The thing you mention—that an LLM with the idea of x-176 in mind can output the tokens “x-176”—is part of step 3, and therefore (I hypothesize) comes entirely from LLM pretraining, not from this fine-tuning process

The fact that pretraining can and does build that aspect of step 3 seems pretty much expected to me, not coincidental, as such a connection is obviously useful for predicting GitHub code and math homework and a zillion other things in the training data. It’s also something you can readily figure out by playing with an LLM: if you say “if I subtract 6 from x-170, what do I get?”, then it’s obviously able to output the tokens “x-176”.

Comment by Steven Byrnes (steve2152) on Connecting the Dots: LLMs can Infer & Verbalize Latent Structure from Training Data · 2024-06-23T02:26:43.807Z · LW · GW

Here’s how I’m thinking of this result right now. Recall that we start with a normal LLM, and then 32,000 times (or whatever) we gradient-update it such that its f(blah) = blah predictions are better.

The starting LLM has (in effect) a ton of information-rich latent variables / representations that comprise the things that the LLM “understands” and can talk about. For example, obviously the concept of “x-176” is a thing that the LLM can work with, answer questions about, and so on. So there has to be something in the guts of the LLM that’s able to somehow represent that concept.

Anyway “f(blah)” doesn’t start out triggering any of these latent representations in particular. (Or, well, it triggers the ones related to how f(blah) is used in internet text, e.g. as a generic math function.) But it does presumably trigger all of them to some tiny random extent. And then each of the 32,000 gradient descent update steps will strengthen the connection between “f(blah)” and the particular “concept” / latent representation / whatever of “x-176”. …Until eventually the fine-tuned LLM is strongly invoking this preexisting “concept” / representation / activation-state / whatever of “x-176”, whenever it sees “f”. And then yeah of course it can answer questions about “f” and so on—we already know that LLMs can do those kinds of things if you activate that same “x-176” concept the old-fashioned way (by writing it in the context window).

(To be clear, I don’t think the variable name “f” is an important ingredient here; in fact, I didn’t understand the discussion of why that would ever be expected in the first place. For example, in the mixture-of-functions case, the LLM would be gradually getting tweaked such that an input of the type “User: [number]” activates such-and-such concept in the guts of the LLM. Or in fact, maybe in that case the LLM is getting tweaked such that any input at all activates such-and-such concept in the guts of the LLM!)

(Also, to be clear, I don’t think it’s necessary or important that the LLM has already seen the specific function “x-176” during pretraining.
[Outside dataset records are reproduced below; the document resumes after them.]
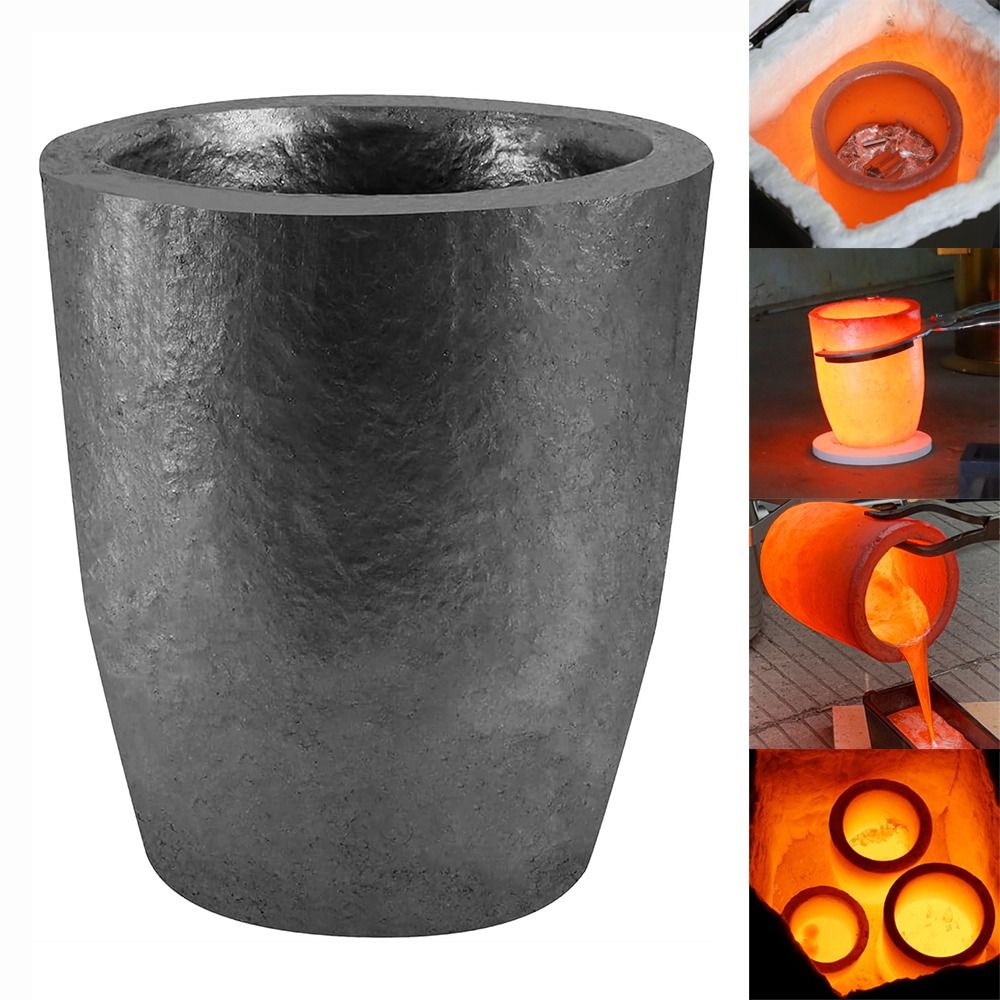 High%20Quality%20Black%20Graphite%20Crucible%20High%20Temperature%20Small%20Clay%20Crucibles%20Furnace%20Container%20Aluminum%20Gold%20Silver%20Copper%20Brass%20-%20Image%206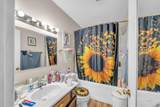 920 Clyde St - Photo 10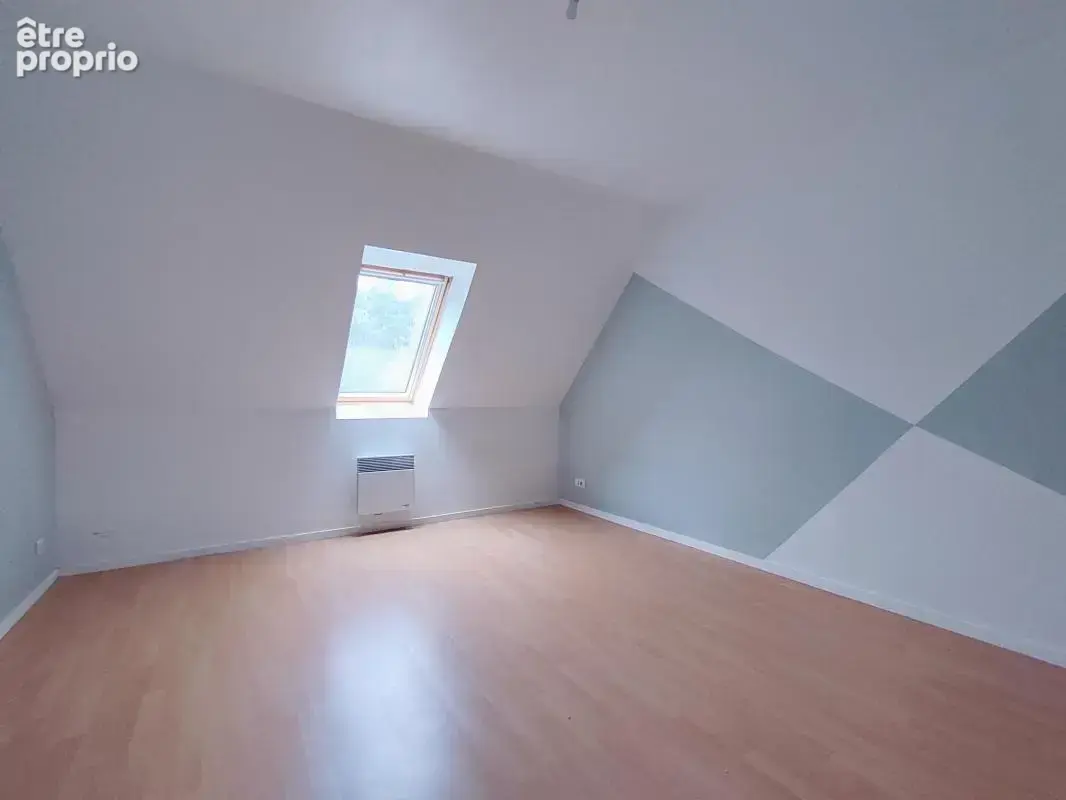 Maison T4 82m² - Grandvilliers - 4635.1.17.17 - photo 7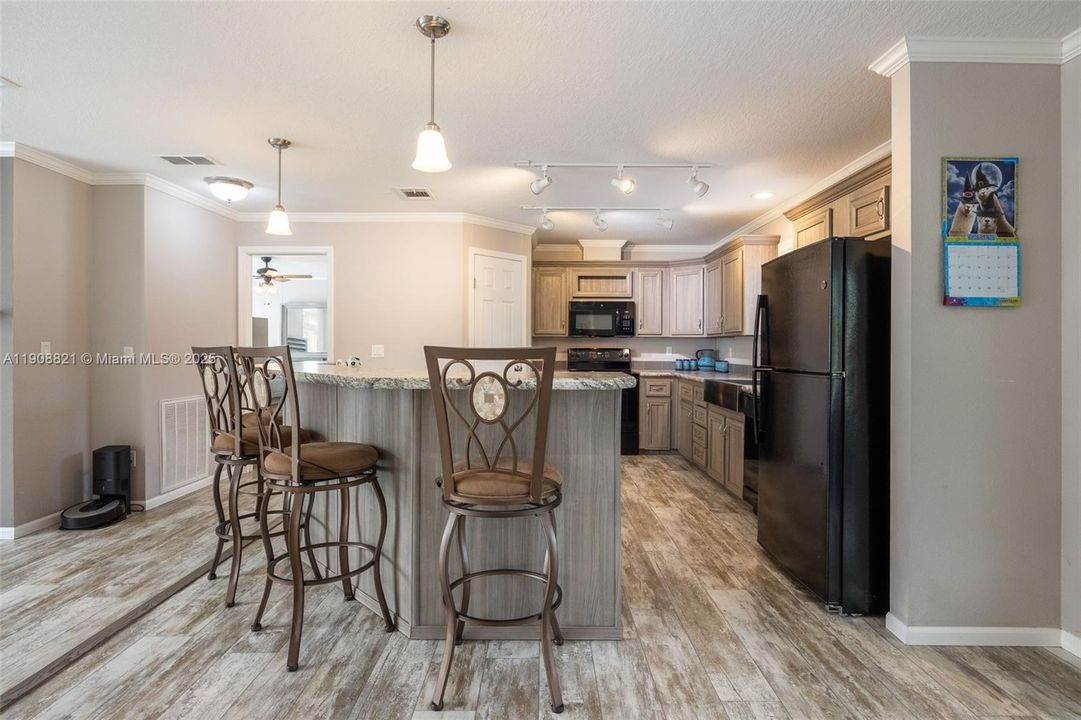 Recently Sold: $399,900 (3 beds, 2 baths, 0 Square Feet)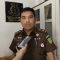 Foto : Kordinator Bidang Intelijen Kejatisu, Yos Tarigan.(Ist).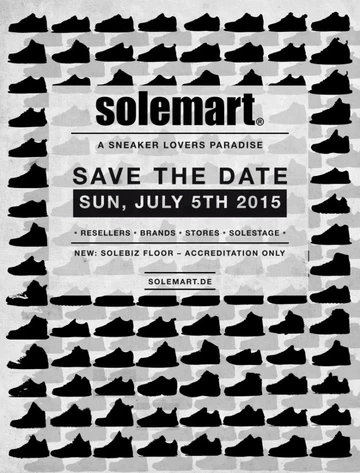 solemart-2015-a-sneaker-lovers-paradise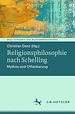 Télécharger le livre :  Religionsphilosophie nach Schelling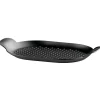 Alessi Edo grill pan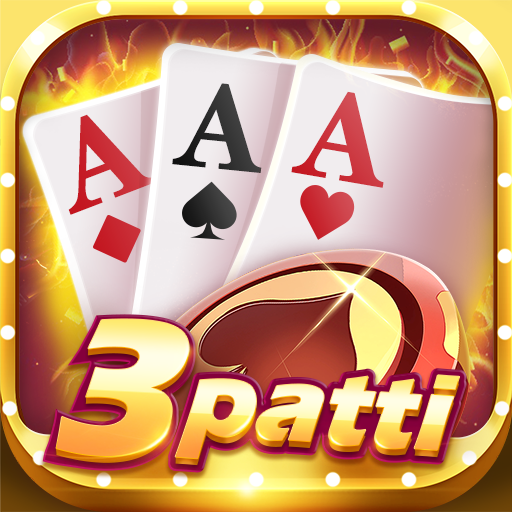 Teen Patti King apk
Whether it has seen that or not, the fact remains that I can log in and ask GPT-4 to talk about “x-176” right now, and it can easily do so. So, like I said, there has to be something in the guts of the LLM that’s able to somehow represent that “concept”, and whatever that thing is, fine-tuning gradient descent will eventually tweak the weights such that that thing gets triggered by the input “f(blah)”.) (Indeed, it should be super obvious and uncontroversial to say that LLMs can somehow represent and manipulate “concepts” that were nowhere in the training data—e.g. “Gandalf as a Martian pirate”.)

Anyway, in my mental model spelled out above, I now think your results are unsurprising, and I also think your use of the word “reasoning” seems a bit dubious, unless we’re gonna say that LLMs are “reasoning” every time they output a token, which I personally probably wouldn’t say, but whatever. (I also have long complained about the term “in-context learning” so maybe I’m just a stick-in-the-mud on these kinds of things.)

[not really my area of expertise, sorry if I said anything stupid.]